TensorLens: End-to-End Transformer Analysis via High-Order Attention Tensors
Ido Andrew Atad, Itamar Zimerman, Shahar Katz, Lior Wolf

TL;DR
TensorLens introduces a comprehensive high-order tensor representation of transformer models, capturing all components and enabling advanced interpretability and analysis beyond traditional attention head methods.
Contribution
It provides the first unified, input-dependent linear operator formulation of transformers using a high-order attention tensor, integrating all model components.
Findings
Richer representations than previous attention-aggregation methods
Effective for interpretability and model understanding
Empirically validated on transformer models
Abstract
Attention matrices are fundamental to transformer research, supporting a broad range of applications including interpretability, visualization, manipulation, and distillation. Yet, most existing analyses focus on individual attention heads or layers, failing to account for the model's global behavior.
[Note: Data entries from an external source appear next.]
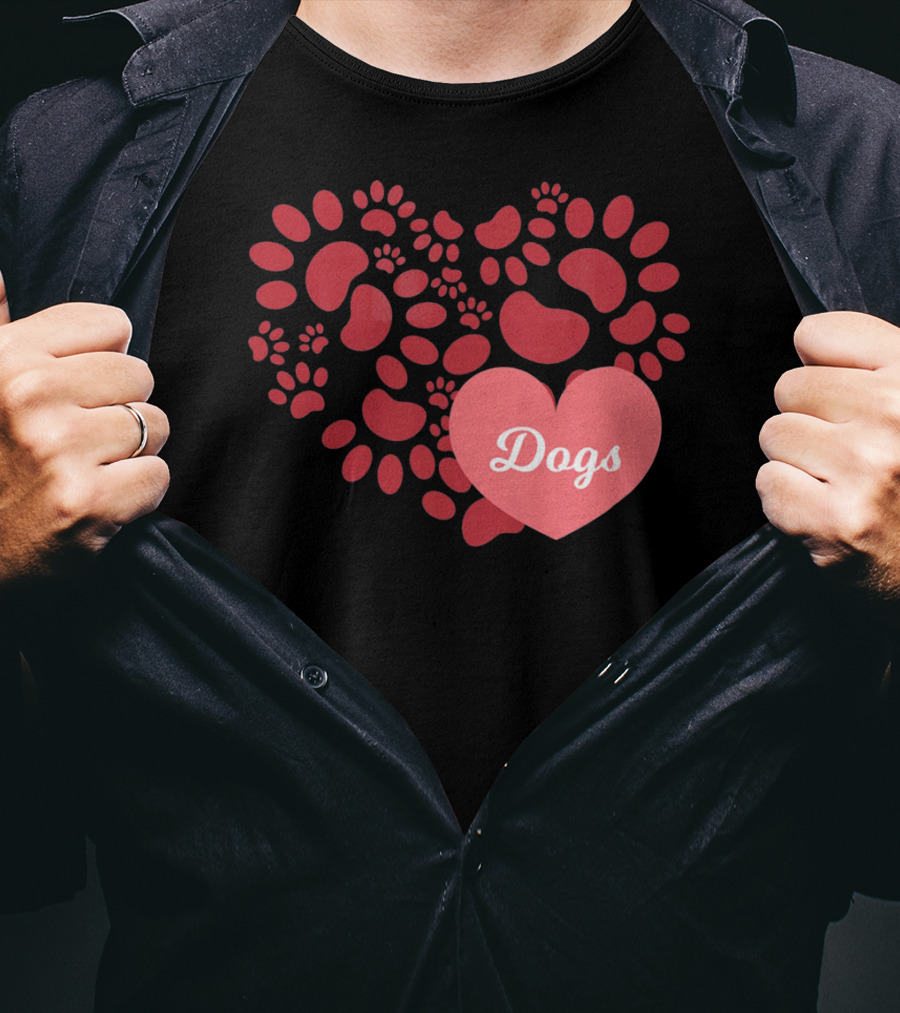 Paw Print Heart Dogs Mom And Pet T-Shirt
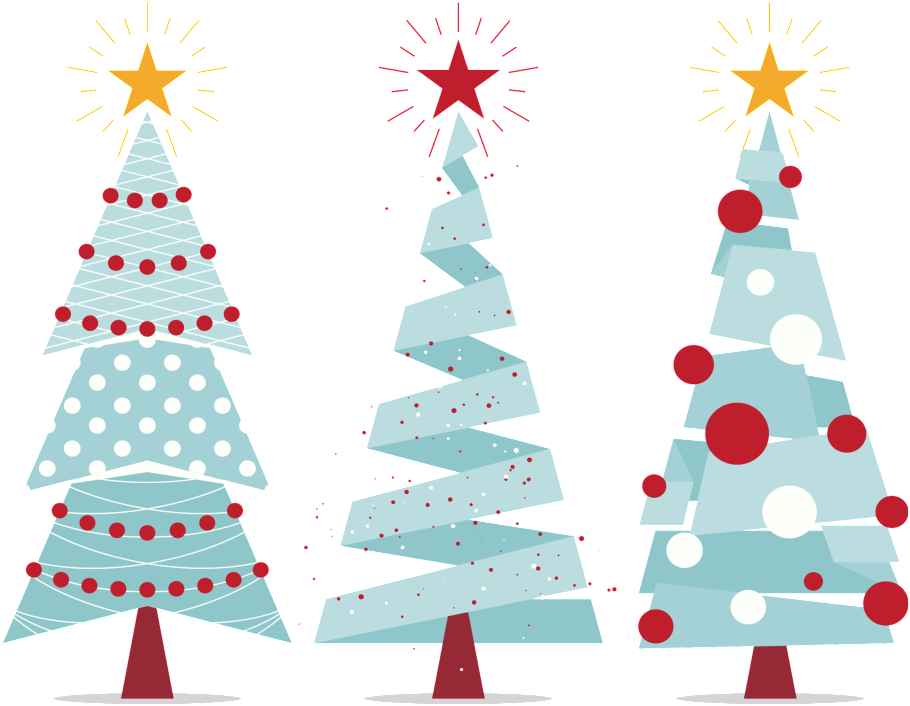 Tres Árboles De Navidad Pintado A Mano Pnges Transparentes - Arbol De Navidad Geometrico (1024x1024), Png Download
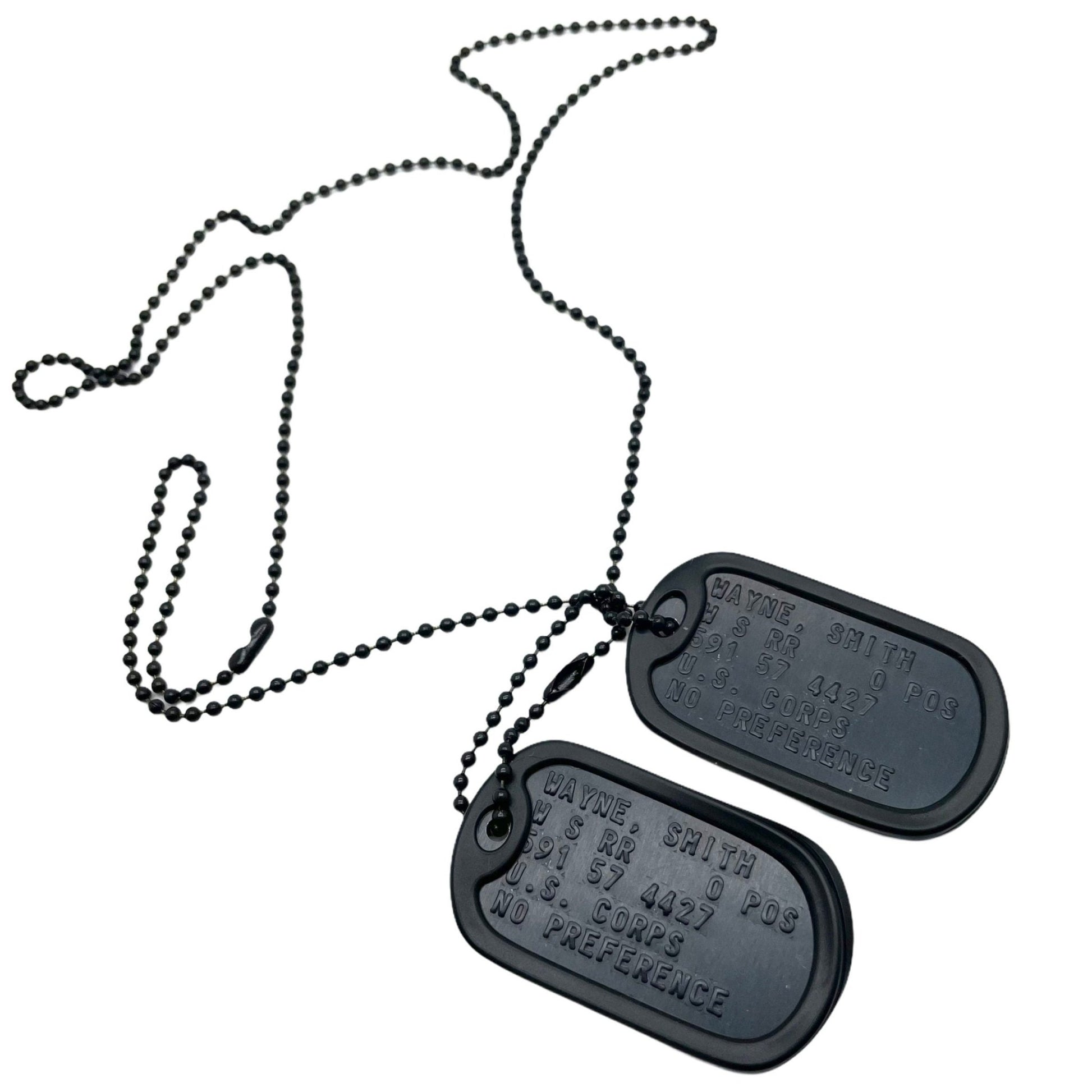 Black special forces u.s. military set personalised army dog tags anodized aluminium - chain & silencer included - made to order - TheDogTagCo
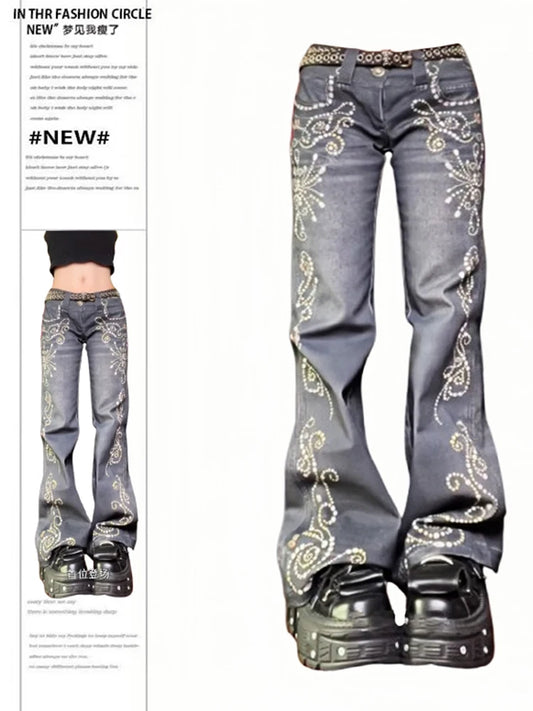 Japanese harajuku flare cyber jeans
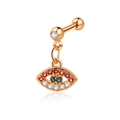 Rose gold evil eye cartilage earring with pink and blue zircons and screw ball back - Rose Gold Evil Eye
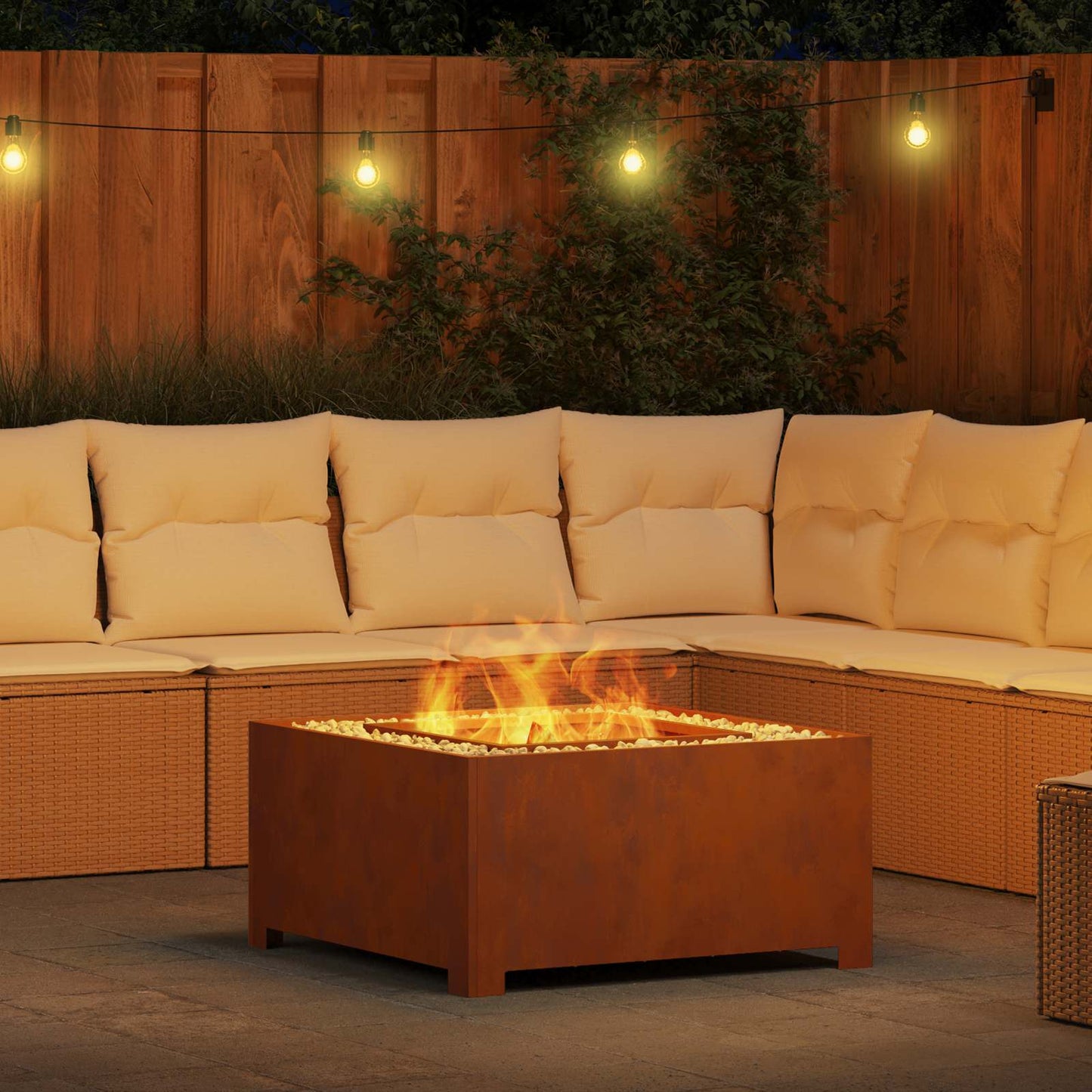 Feuerstelle Braun 80 x 80 x 40 cm Wetterfeststahl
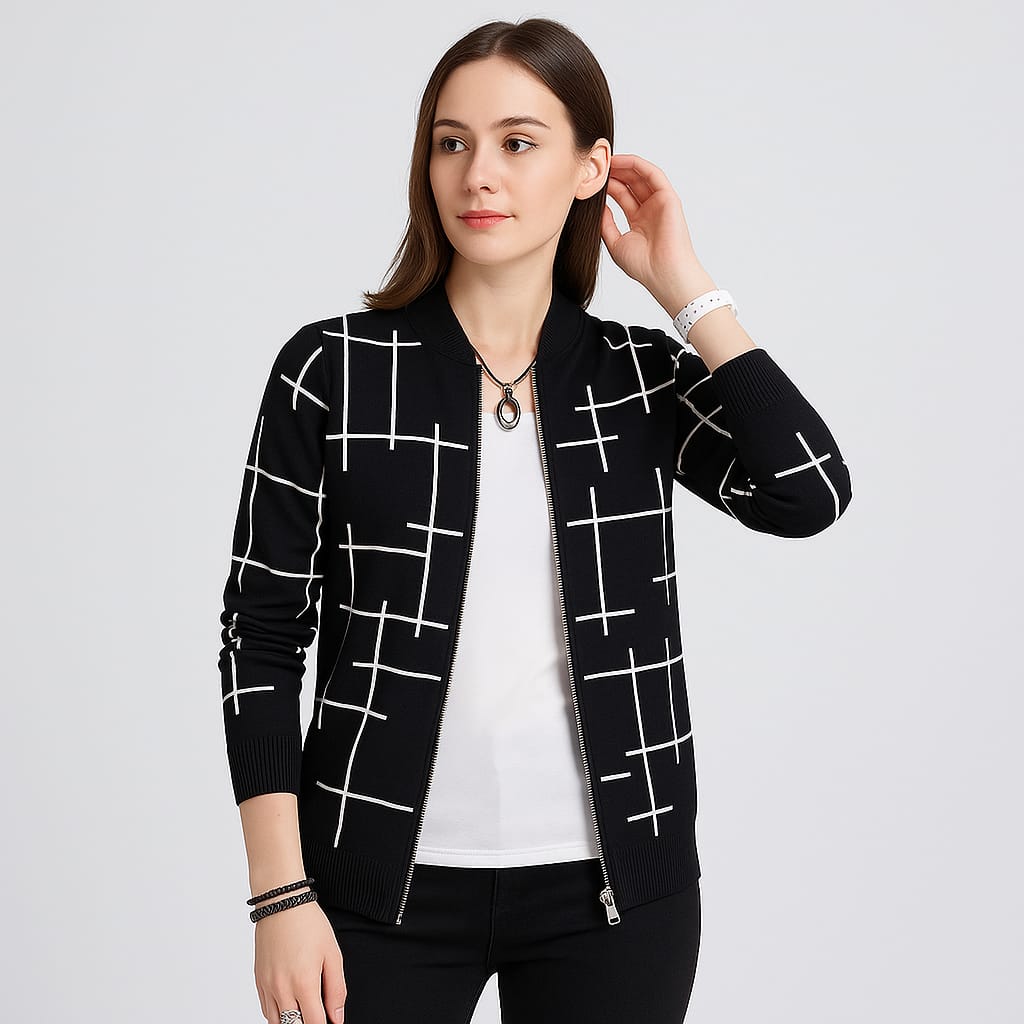 Girls' Black White Grid Pattern Jacket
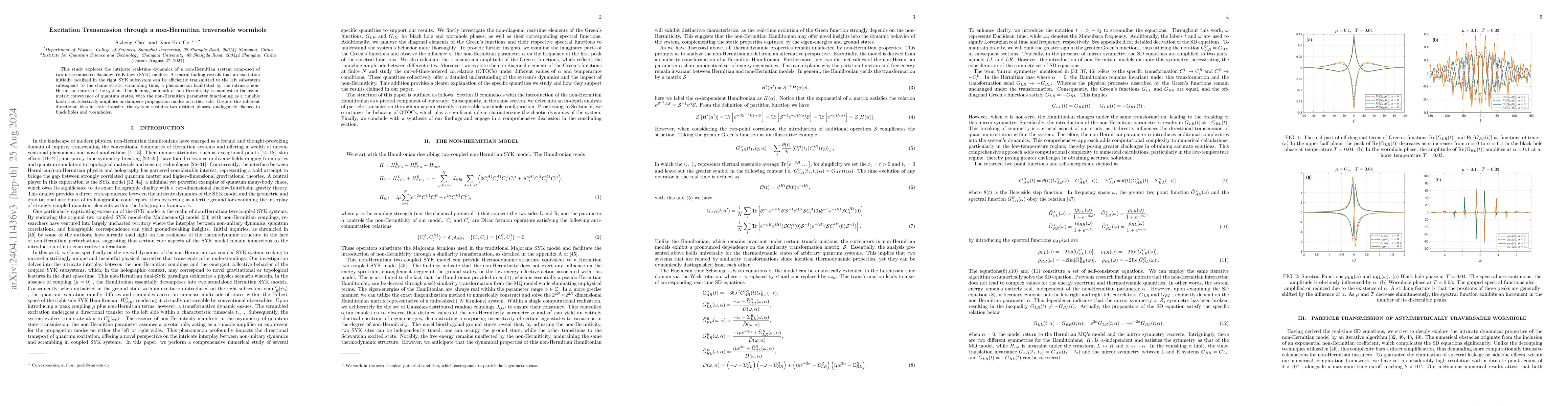 Thumbnail for Excitation Transmission through a non-Hermitian traversable wormhole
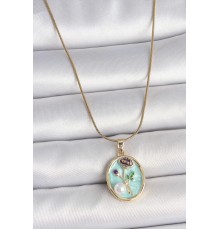 316L Çelik Gold Renk Zincir Mavi Çiçek İşlemeli İnci Detay Portre Model Kadın Kolye - TJ-BKO10076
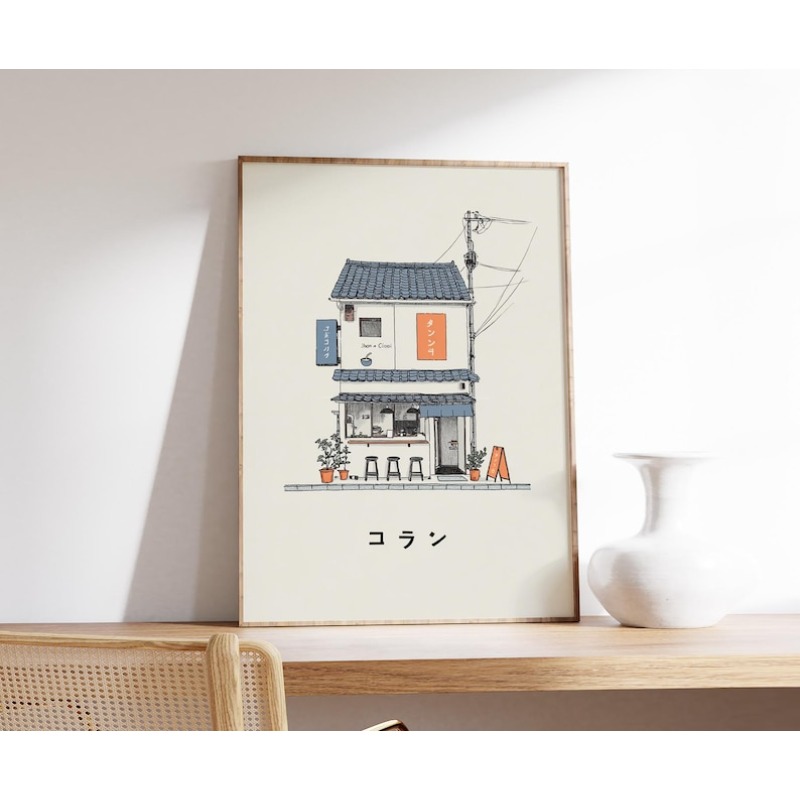 1pc Japanese Ramen Shop Canvas - Home Office Minimalist ulasan dan harga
While prior efforts have extended attention formulations across multiple heads via averaging and matrix multiplications or incorporated components such as normalization and FFNs, a unified and complete representation that encapsulates all transformer blocks is still lacking. We address this gap by introducing TensorLens, a novel formulation that captures the entire transformer as a single, input-dependent linear operator expressed through a high-order attention-interaction tensor. This tensor jointly encodes attention, FFNs, activations, normalizations, and residual connections, offering a…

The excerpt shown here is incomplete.